### Task requirements
Beginning with the line that holds "Appling Enterprises issued" and ending with the last line of the entries below, copy every line exactly and nothing else, with the pictures left out.

### Data supplied
□ □ □ □

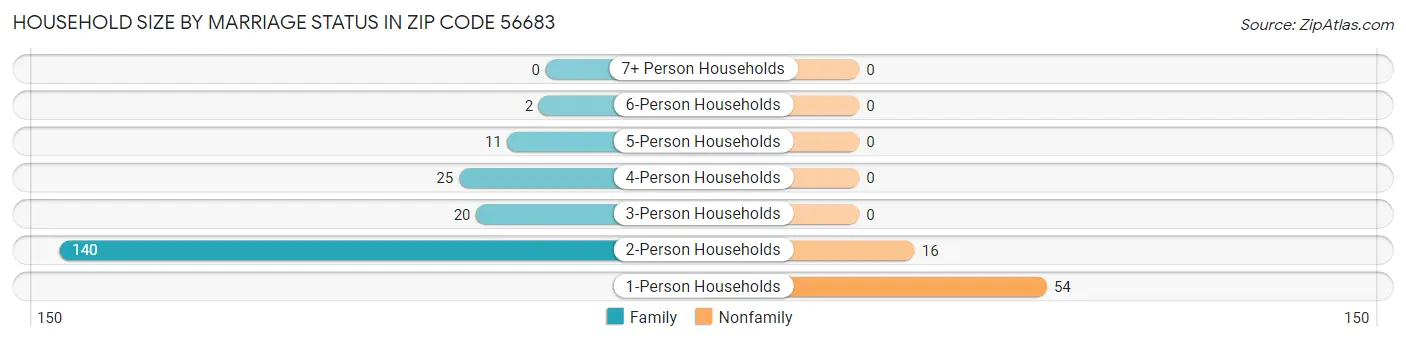 Household Size by Marriage Status in Zip Code 56683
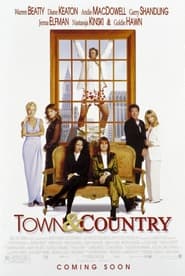 Town & Country постер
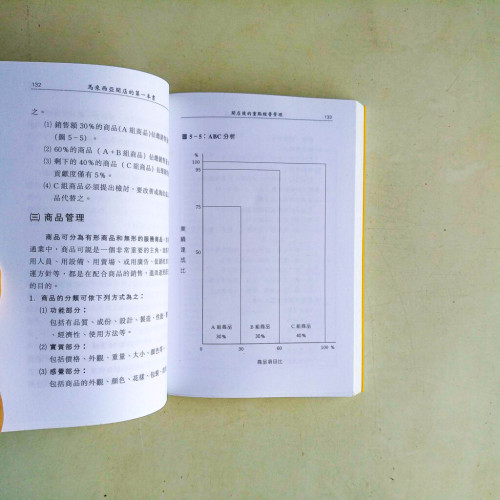 馬來西亞開店的第1本書 馬來西亞開店的第1本書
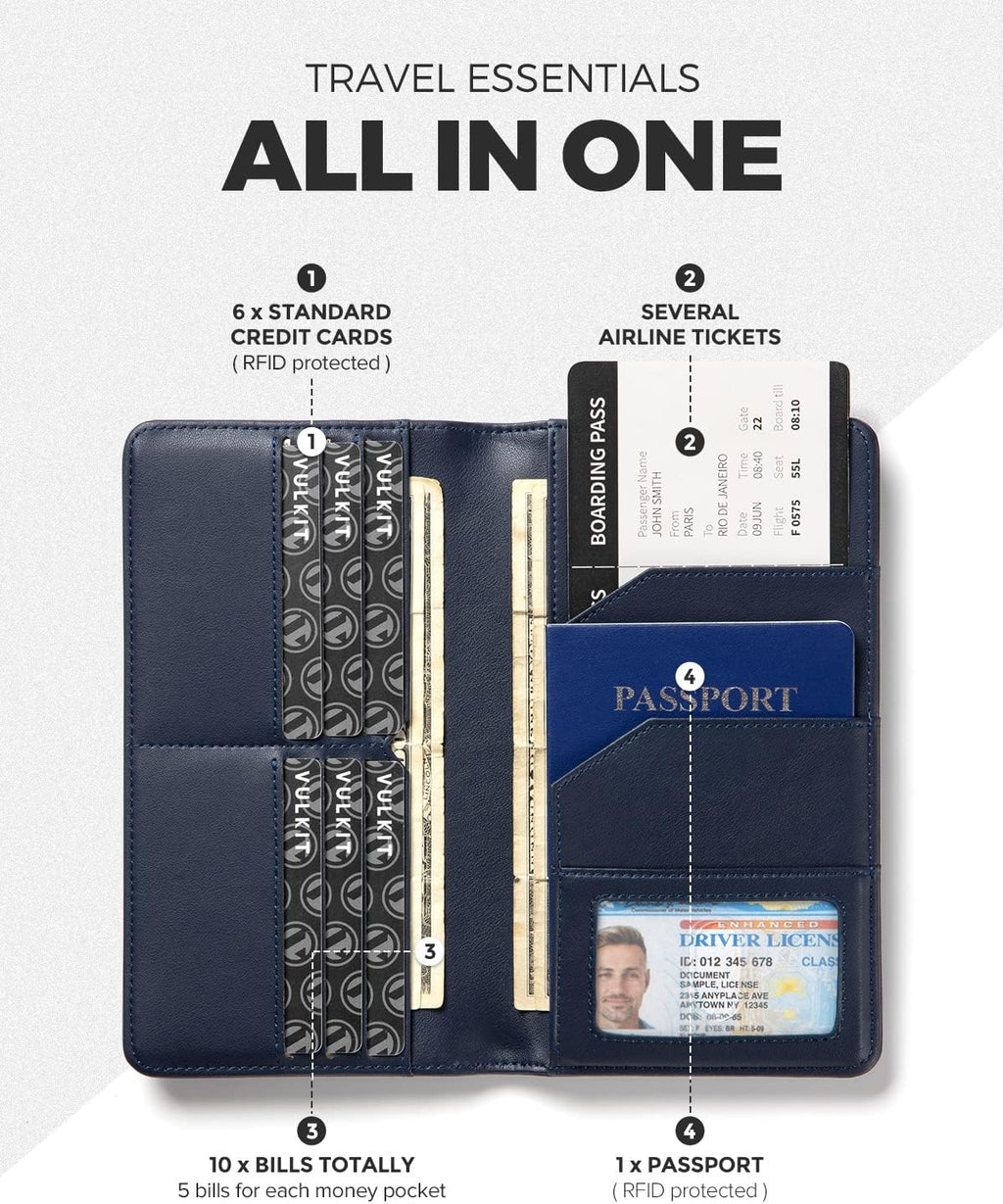 VULKIT Billetera para pasaporte, con bloqueo RFID, cartera de viaje para hombres y mujeres, Azul marino, Talla única, Cartera de viaje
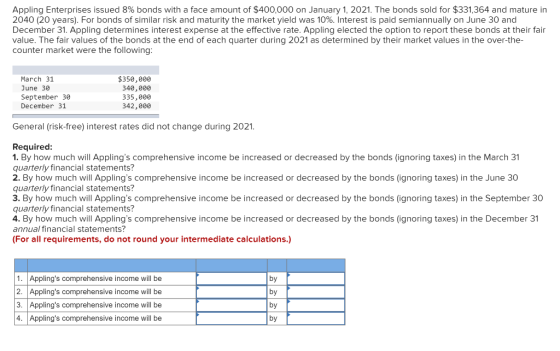 Appling Enterprises issued 8% bonds with a face amount of $400,000 on January 1, 2021. The bonds sold for $331,364 and mature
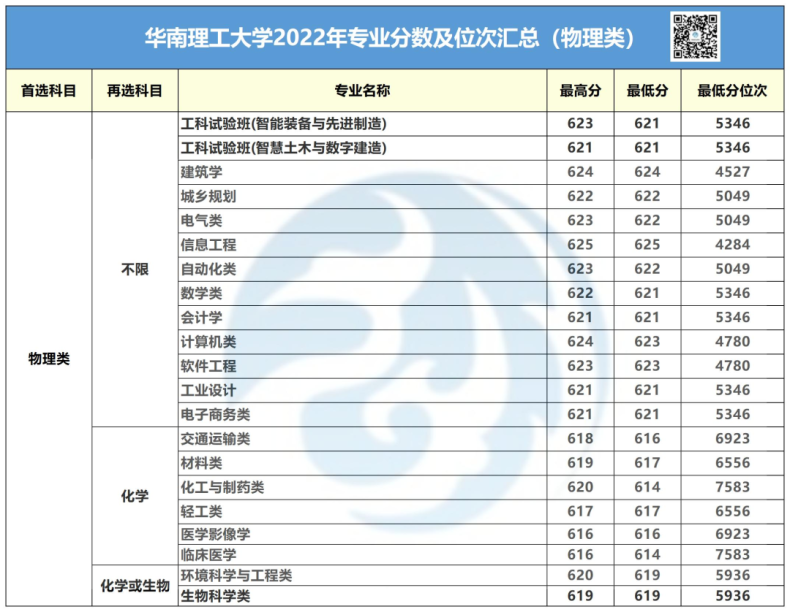 华南理工大学2022年专业录取分数汇总（历史类+物理类）-1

□ □ □ □

### Task answer
 Appling Enterprises issued 8% bonds with a face amount of $400,000 on January 1, 2021. The bonds sold for $331,364 and mature
 华南理工大学2022年专业录取分数汇总（历史类+物理类）-1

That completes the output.